- [What the exercise asks] Write out each entry below exactly. Do not include the images.

- [Record excerpts]
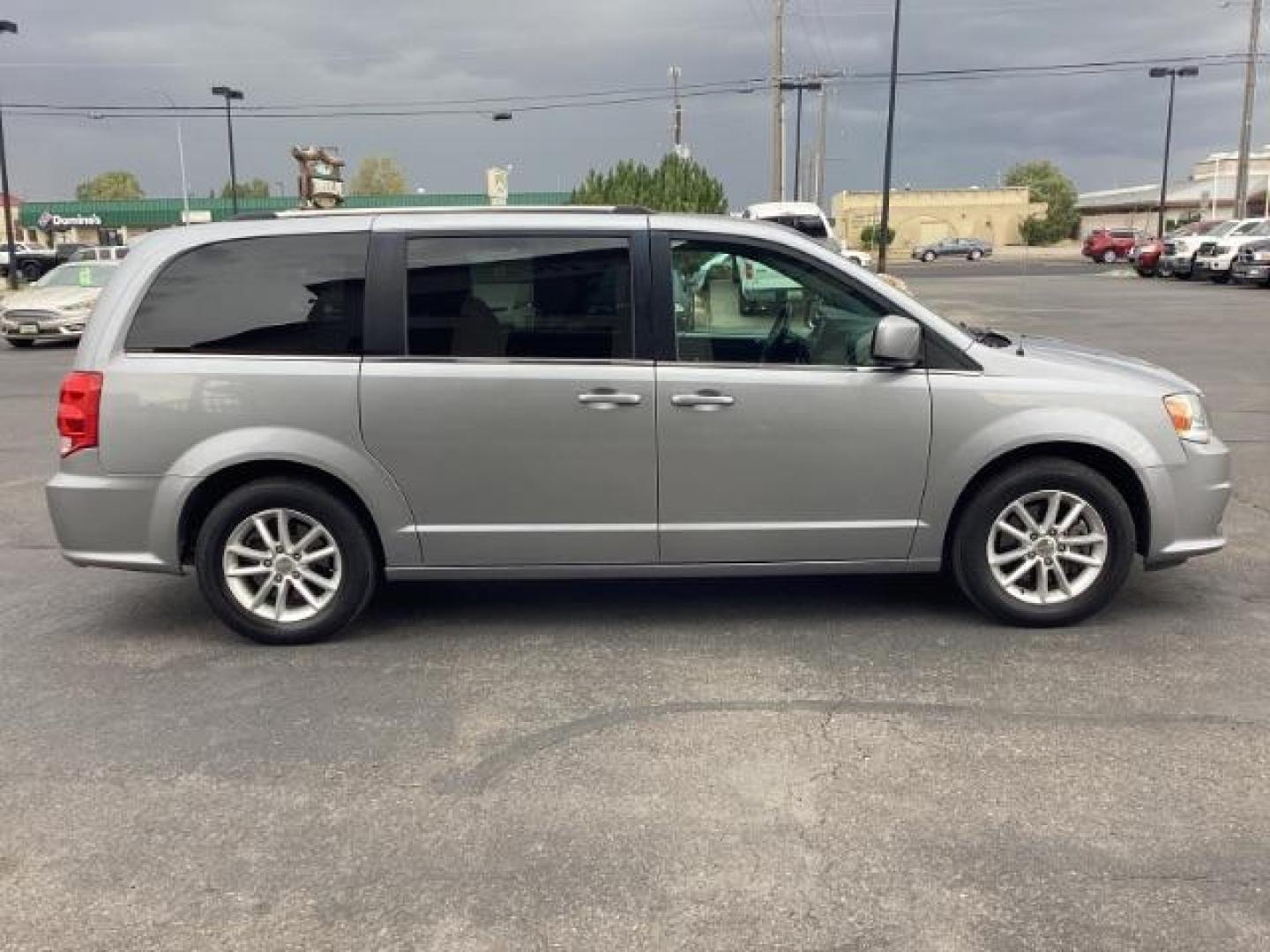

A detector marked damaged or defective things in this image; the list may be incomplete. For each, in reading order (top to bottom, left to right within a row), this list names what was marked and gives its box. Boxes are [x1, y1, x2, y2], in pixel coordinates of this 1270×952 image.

cracked pavement [2, 257, 1270, 949]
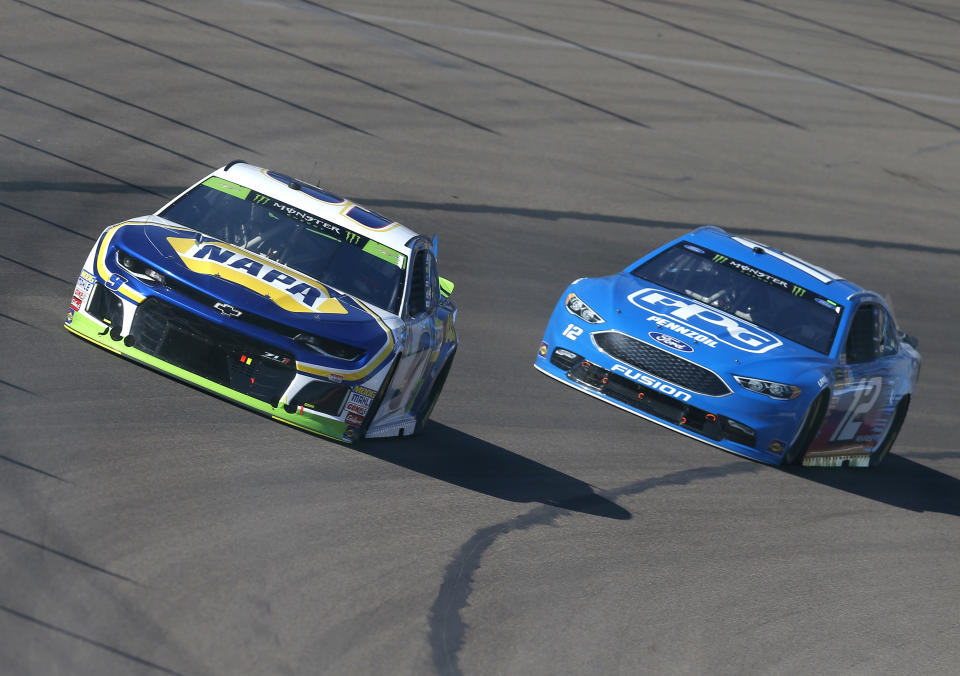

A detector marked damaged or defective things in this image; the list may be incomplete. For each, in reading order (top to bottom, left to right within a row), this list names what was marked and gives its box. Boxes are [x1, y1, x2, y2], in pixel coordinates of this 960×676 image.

racing windshield tear off [159, 180, 406, 316]
racing windshield tear off [632, 243, 844, 354]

- [Solution below]
A detector marked damaged or defective things in this image; the list may be incomplete. For each, in reading order (top to bottom, left to right within a row), this list names what was marked and gives its box. Boxes are [x1, y1, x2, y2], in pixel coordinates of this 1270×952 image.

cracked pavement [2, 257, 1270, 949]

A detector marked damaged or defective things in this image; the list may be incomplete. For each, in reading order (top to bottom, left to right within a row), this list names what was marked and gives its box. Boxes are [x1, y1, x2, y2], in pixel coordinates of this 960×676 image.

racing windshield tear off [159, 180, 406, 316]
racing windshield tear off [632, 243, 844, 354]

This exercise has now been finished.